## Goal of the exercise
At the line with "2nd mill Bc", start transcribing; stop after the last line of the data below. Keep it exact and leave pictures out.

## Supplied information
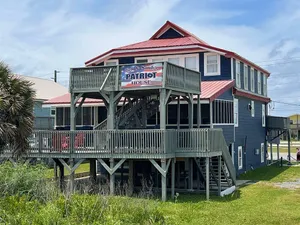 Image of Patriot House - Beachfront - Island Realty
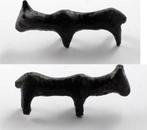 2nd mill Bc Anatolian bronze dog Brons, Postzegels en Munten, Verzenden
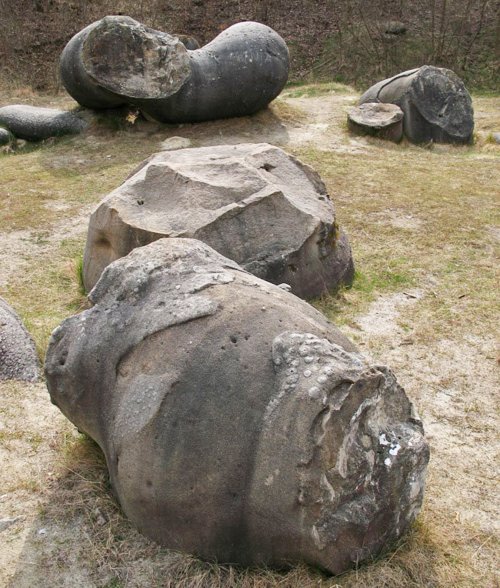 Trovanţii, pietrele care cresc  Poza 86760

## Result of the exercise
 2nd mill Bc Anatolian bronze dog Brons, Postzegels en Munten, Verzenden
 Trovanţii, pietrele care cresc  Poza 86760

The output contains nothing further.